One of the many essential requirements of applying the SIT for mosquitoes is the release of only sterile males, which requires eliminating female mosquitoes from the production line. Female mosquitoes, even when sterilized with ionizing radiation, cannot be released, because they retain their vectorial capacity. Because manually separating the sexes based on their morphology is highly impractical, potentially inaccurate, and time- and laborintensive, genetic sexing strains (GSS) based on an artificially induced sex linkage of a selectable allele are required [6]. A GSS of An. Arabiensis, ANO IPCL1, based on a mutation that confers resistance to dieldrin [7] was recently created. When treated with dieldrin, the susceptible females are killed, and the resistant males survive. Larval exposure for 1 h to dieldrin at 100 µg/L eliminates the susceptible females, whereas exposure of eggs to 2000 µg/L, 3000 µg/L, and 4000 µg/L dieldrin solutions also results in complete female elimination [7] without significantly reducing the number of males produced.
Dieldrin (C12H8Cl6O) is considered a persistent organic pollutant that does not readily breakdown and remains stable in soil and in ultraviolet light [8]. Furthermore, it tends to biomagnify in the food chain [9]–[11], where it is stored mostly in the adipose tissue of insects and mammals [12,13]. The main concern with dieldrin arose after many years of indiscriminate applications over large areas, when levels of insecticide residues above acceptable thresholds were detected in dairy milk, cheese, and adipose tissue of birds, cows, and even humans [14]. This led to its ban by the US Environmental Protection Agency (USEPA) by 1980. In the 1970s and 1980s, some isolated experiments were conducted in response to these concerns, in which bioaccumulation or food chain transfer was detected in the laboratory [9,10,12,15] or in the environment [16,17]. These studies involved relatively high doses of the insecticide, however, which were artificially fed to the experimental animals or sprayed in the environment over prolonged periods of time. Because the concentrations of dieldrin currently used in the sex separation process of An. arabiensis are no higher than 2000 µg/kg when treating mosquito eggs, or 100 µg/kg when treating larvae, the hypothesis of the present study was that residues retained by the adult mosquito would be negligible, with no concern for biomagnification and accumulation of the insecticide in the environment and food chain. To test this hypothesis, experiments were conducted to determine the level of dieldrin residues in adult male An. arabiensis that were treated at the egg stage with solutions of 2000 µg/kg of dieldrin and whether these residues in the mosquitoes were accumulated and magnified in fish that were fed these mosquitoes over prolonged periods of time. The results should resolve or confirm any concern about implementing SIT programs to control An. arabiensis, whereby large numbers of dieldrin-treated mosquitoes are to be released into the environment.

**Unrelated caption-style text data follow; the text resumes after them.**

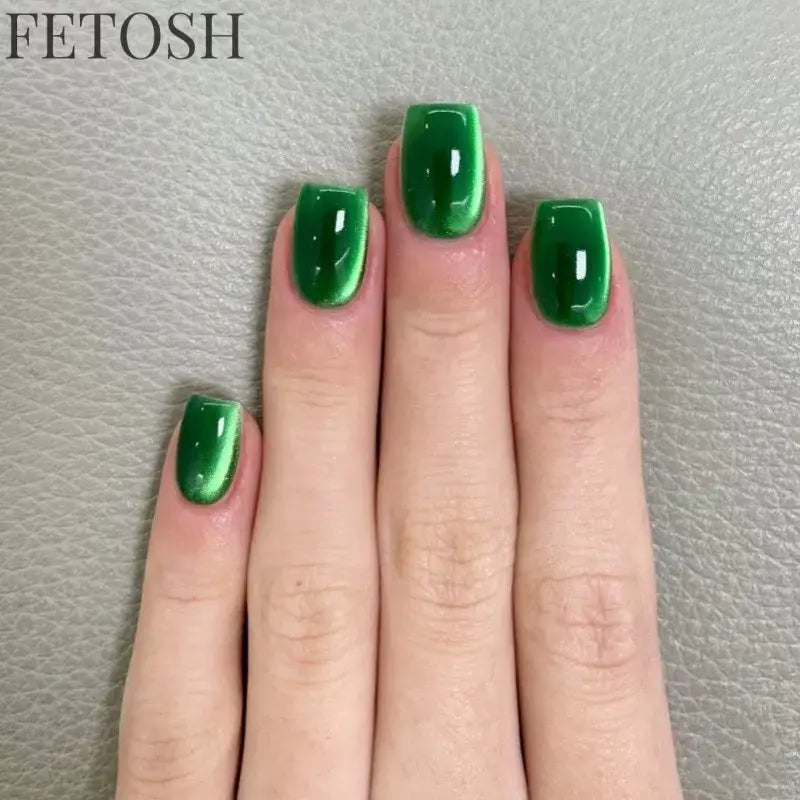 24pcs/30pcs short square ballet fake nails for women cat eyes glitter green blue purple pink shinny nail tips press on nail art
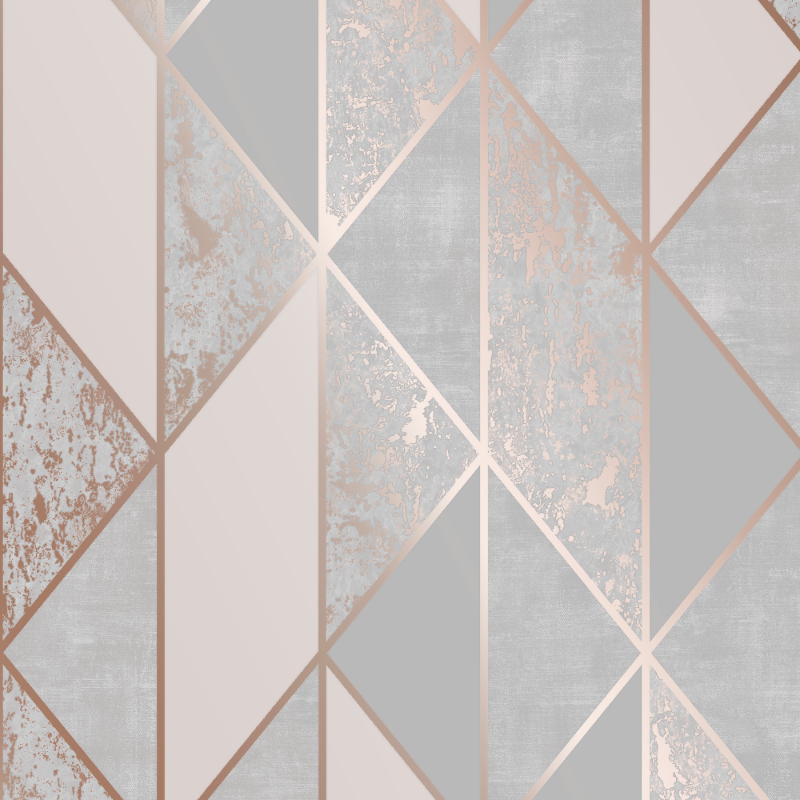 Milan Geo Rose Gold Wallpaper Emporium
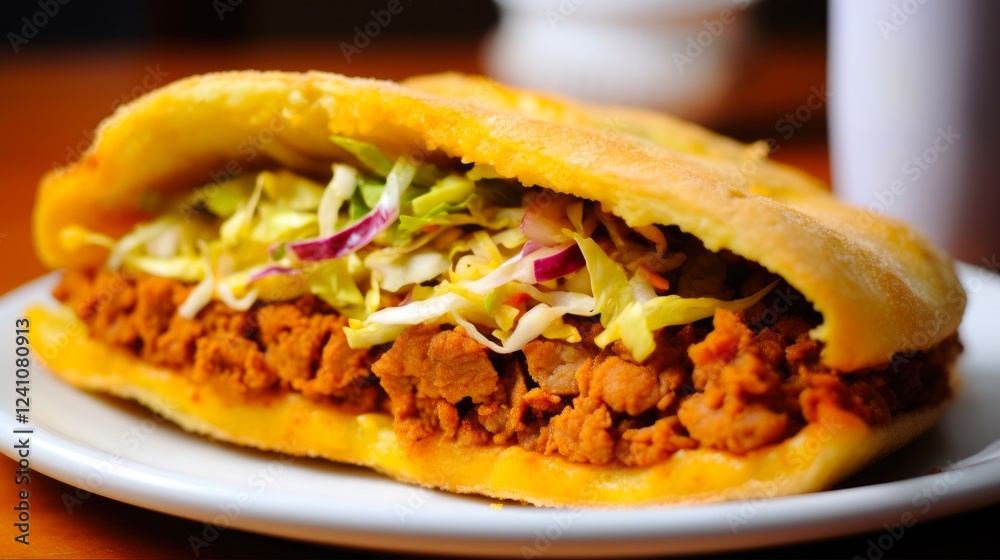 Gordita Filled with Fried Pork Chicharron: A Deliciously Unhealthy Mexican Food Treat Gordita Filled with Fried Pork Chicharron: A Deliciously Unhealthy Mexican Food Treat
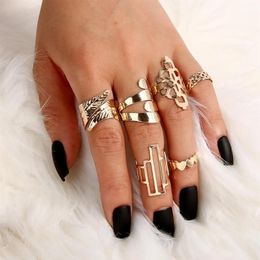 Modyle Bohemian Gold Colour Metal Rings Set for Women Vintage Stacking Crystal Star Geometric Knuckle Ring Party Wedding Jewelry273E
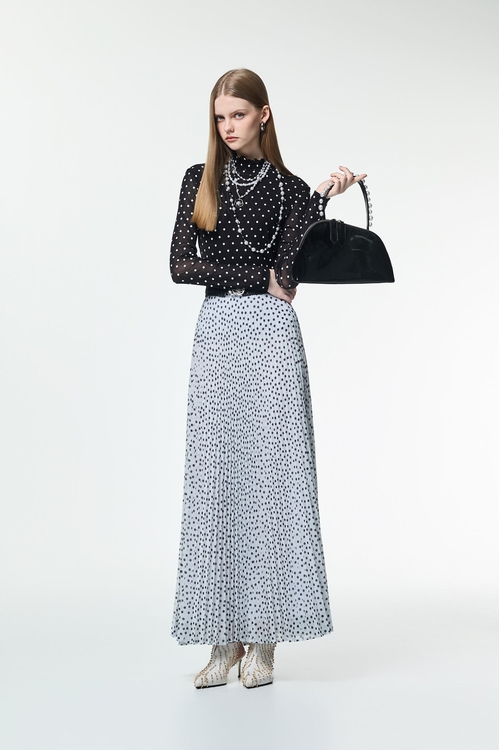 Black Polka Dot Chiffon Maxi Skirt,dotcollection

Gas chromatography (GC) equipped with an electron capture detector (ECD) is used routinely to analyze organochlorine pesticides in fish [18]. Various clean-up methods have been reported to remove co-extracted fish lipids, including partitioning with acetonitrile and petroleum ether followed by a florisil column to remove residual oil [19]; gel permeation chromatography, sweep co-distillation, and florisil column adsorption chromatography [20]; and solid phase extraction [21]. Determining dieldrin in mosquitoes has been reported by GC–ECD using acetone-based extraction [22].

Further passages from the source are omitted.